CAMERON PARK, Calif — Typically, the Honor Flight Network transports veterans to Washington, D.C. to visit their respective war memorials. Sometimes, though, veterans are unable to make the trip. On Friday, the community brought the experience to Cameron Park.
The focus was on veterans from World War II and the Korean War, but veterans from a number of U.S. conflicts attended the ceremony.
Dorothy Mitchell, 94, was the only female veteran from World War II who attended. She joined the Coast Guard because her sister had joined the Marines and Mitchell didn't want to be left at home alone, or to have her sister as a boss.

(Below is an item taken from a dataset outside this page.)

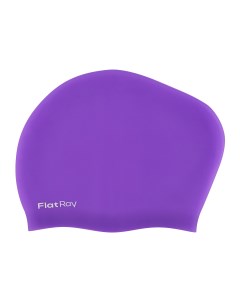 Силиконовая шапочка для плавания Long Hair Silicone Swim Cap пурпурный Flat ray
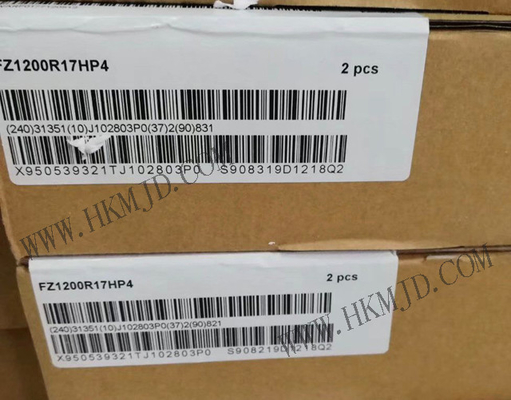 وحدات IGBT للسيارات FZ1200R17HP4 1.7kV وحدات IGBT واحدة 1200A 7.8kW IGBT4 - P4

Mitchell was stationed in Sheep's Head Bay, Brooklyn where she was a PBX operator.
"I'm just overwhelmed," explained Mitchell. "I have to keep myself centered because I'm going to fall apart. So I don't want to do that. It's just a lot of people doing a lot of things for us. And that's so nice."
Mitchell said she loved her time in the service and would have loved to continue, but she got married to an Army man and settled down. She was married 74 years before he died.

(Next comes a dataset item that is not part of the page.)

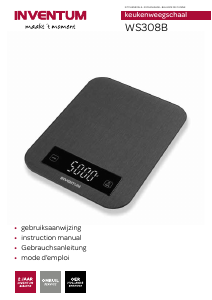 Manual Inventum WS308B Kitchen Scale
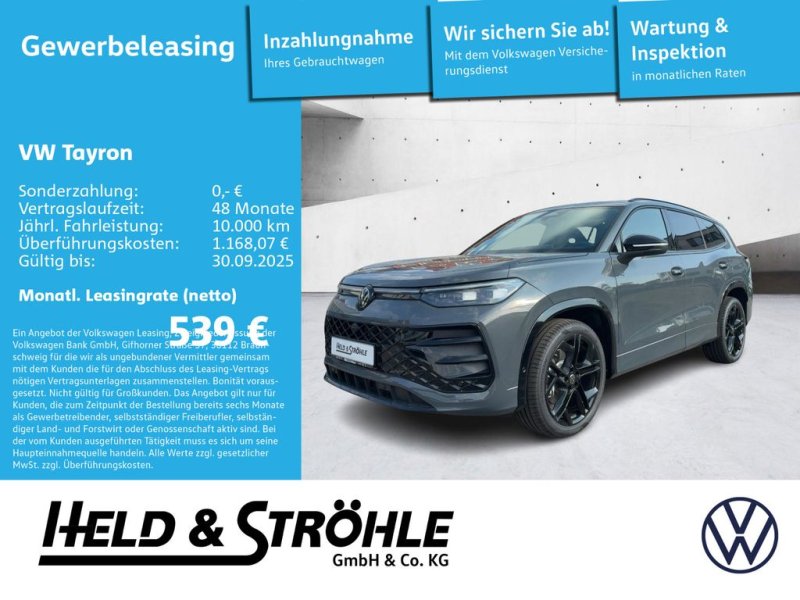 Volkswagen Tayron R-Line 2,0 DSG IQ-Drive BLK WR AHK HUD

Despite the camaraderie the veterans share, the rivalries between branches of the armed forces still run deep.
"I'd tell anybody, any young person, 'join the service,'" laughed Mitchell. "Join the Coast Guard. That's the only one I would join."
Roland Morris was the oldest veteran at the event at the age of 101. He had served in both World War II and the Korean War. He was delighted to be at the event surrounded by fellow veterans.
"I'm glad they're all here," chuckled Morris. "That means they made it."
Jack Lunsford is a Vietnam veteran. He was attending the Honor Flight with his good friend Karl Griffiths.
"If you get an opportunity to put yourself in an environment like this, I'd say take it," advised Lunsford. "Whatever it takes, it's great. It's a good feeling. And I'm sure these old veterans really appreciate it."